Regulation change to allow LPAs to sell land with benefit of planning permission granted to themselves

From 23 February 2018, an LPA will be able to grant itself planning permission and sell the relevant land with the benefit of that planning permission. This small statutory change has the potential to significantly bolster LPAs’ role in facilitating development and ensuring that it is comprehensively planned.

The Town and Country Planning General (Amendment) (England) 2018 (the Amending Regulations) will remove Regulation 9  from Town and Country Planning General Regulations 1992 (the 1992 Regulations), with the effect that planning permissions granted by LPAs to themselves  will now run with the land.

Currently, Regulation 9 provides that a planning permission (where applied for by an LPA on its own land) will be personal to the LPA and where applied for jointly, only for the benefit of LPA and the named applicant. This has severely impeded the ability of an LPA, having secured planning permission to then sell the land on with the benefit of that planning permission. This has had cost implications requiring more complex land structures to be put in place before applications for development proposals could be made.

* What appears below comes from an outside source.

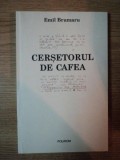 CERSETORUL DE CAFEA de EMIL BRUMARU , 2004
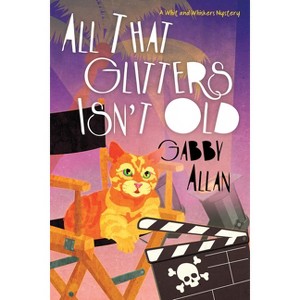 All That Glitters Isn't Old - (A Whit and Whiskers Mystery) by  Gabby Allan (Paperback) - 1 of 1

Oddly, the Regulations do not apply to any planning permissions granted before 23 February 2018. Given that future consents will run with the land it is strange that past consents have not been similarly “liberated”.

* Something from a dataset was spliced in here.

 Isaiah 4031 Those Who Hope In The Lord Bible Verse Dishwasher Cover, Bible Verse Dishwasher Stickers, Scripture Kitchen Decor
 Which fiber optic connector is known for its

The removal of Regulation 9 was proposed in last year’s Housing White Paper on the basis that it will save time that developers would otherwise spend securing planning permission in relation to land which they purchase from LPAs.

It should achieve this. Now the Government needs to make sure that the best consideration requirements are changed so that land can be sold on for the best use for the area rather than just for the best price.

Deliverability vs Delivery – Court of Appeal confirms NPPF approach

The Court of Appeal has clarified the meaning of ‘deliverable sites’ in the key housing land supply provisions of Paragraph 47 NPPF (5YHLS).  As well as emphasising the need for pragmatism when applying the NPPF, the judgment confirms the need to get timing right if challenges are to be made to the assumed rate of housing delivery.

Supply test in question

In St Modwen v SoS CLG, the developer challenged the housing trajectory put forward by the authority to satisfy the NPPF 47 requirement to show specific deliverable sites sufficient to provide five years worth of housing against objectively assessed need. NPPF Footnote 11 confirms that ‘deliverable’ means available now, offer[ing] a suitable location for development now, and […] achievable with a realistic prospect that housing will be delivered on the site within five years and […] viable.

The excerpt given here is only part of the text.